À table, Serge, impressionné par ce décorum ingénu, raconta :

— Tu sais à la maison ? Je cassais tout tout le temps. Ben maintenant je casse rien.

— Ah, c’est bien, dit Jonathan. Tiens tu bois du vin, oui ?

— Non j’en bois pas. Eh ! mets-en ! mets-en ! mets-en moi eh !

— Comme ça ? Vraiment, tu casses plus rien ? Fais voir un peu ? demanda Jonathan.

— On peut pas le montrer ! dit Serge en s’esclaffant lourdement. Je vais boire le vin ! le vin !

— Si, je crois qu’on peut le montrer.

— C’est pas vrai.

— Si.

— Non on peut pas !… Allez fais-moi voir.

— C’est facile. Voilà deux assiettes. La première je la laisse tomber. L’autre j’y touche pas.

Et l’assiette se fracassa sur le carrelage. Serge cria d’étonnement. Jonathan s’en alla chercher la pelle et le balai.

— … La deuxième assiette je l’ai pas cassée, non ? Tu vois qu’on peut montrer qu’on casse pas quelque chose.

— Ouais, reconnut Serge, mais t’as cassé l’autre.

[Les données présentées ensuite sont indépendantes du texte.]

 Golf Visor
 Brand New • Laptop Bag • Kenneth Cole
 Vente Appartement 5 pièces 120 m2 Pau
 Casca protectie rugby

— C’est pas pareil, il y en a plusieurs.

— Ah ? Ah ? Alors moi j’peux ? Hein hein j’peux ? dit Serge d’un ton provocant.

— Oui, on mangera dans la main c’est mieux.

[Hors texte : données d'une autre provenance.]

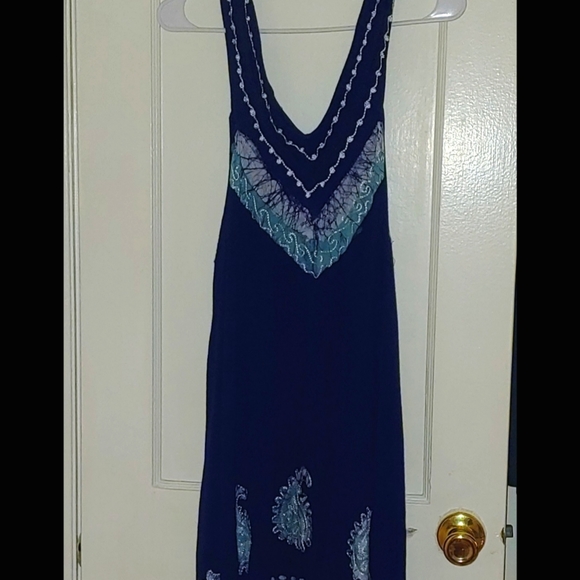 Women's Dress - Picture 1 of 5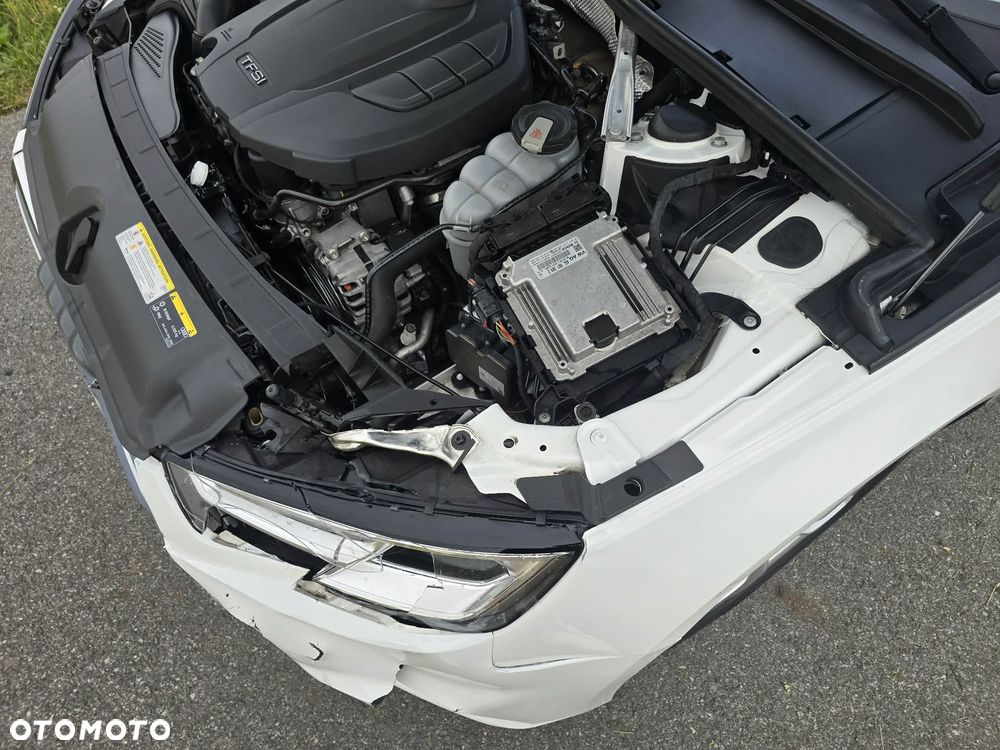 Audi A4 Avant 40 TFSI mHEV Advanced S tronic - 20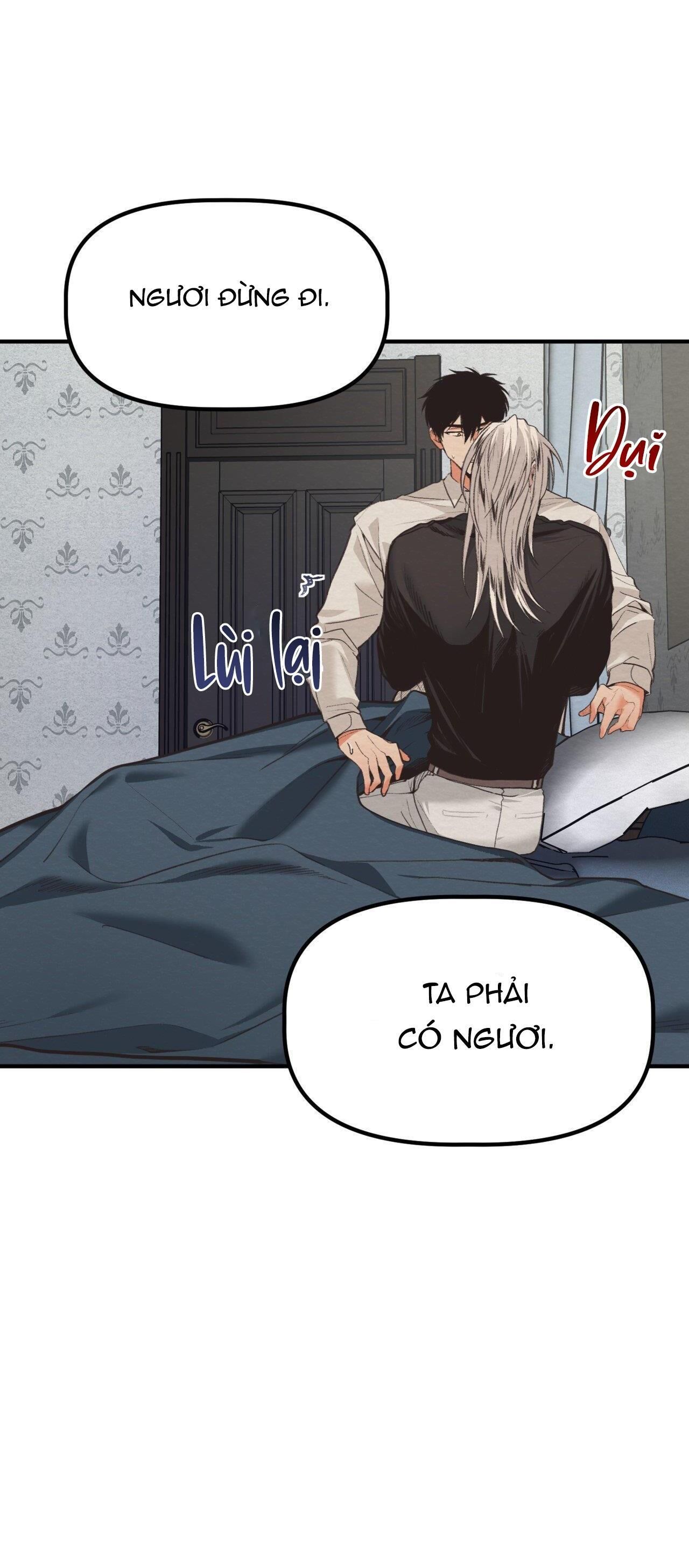 ác ma đỉnh cấp Chapter 25 - Trang 1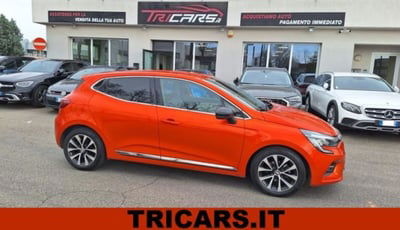 Renault Clio 1.0 tce Techno Gpl 100cv usata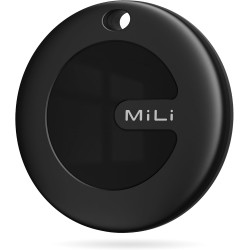 Mili mitag traceur localisateur d’objets bleutooth, fonctionne avec l’app google localiser (uniquement android), batterie rempla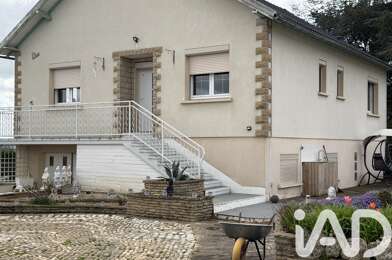 Maison 5 pièces 161000 €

— Alors celle-là alors ! Et Serge envoya sa propre assiette à l’autre bout de la pièce. Jonathan sursauta. Certains éclats frappèrent les meubles : mais on entendit surtout le joyeux hurlement de chasseur qui accompagna le geste de l’enfant.

— Dommage qu’elle soit vide, remarqua Jonathan, qui tendit le balai au gamin déjà debout.

— Ah ouais, dit Serge. Si qu’y avait… des frites dedans !

— De la soupe.

— Ouais. Des nouilles !

— Oui. Des petits pois.

— Oh oui des petits pois.

Serge était accroupi et fouillait sous une commode avec la pelle :

— D’la soupe ! Ah non tu l’as dit. Des… attends… (et sa voix explosa) quelque chose qui pue !

— Qui pue ? qui se mange ?

— … je sais pas quoi.

Serge n’ajouta rien. Il vida sagement les morceaux dans la poubelle. Puis un dîner bruyant, taché de graisse et de vin rouge, eut lieu aux flammes violentes du foyer.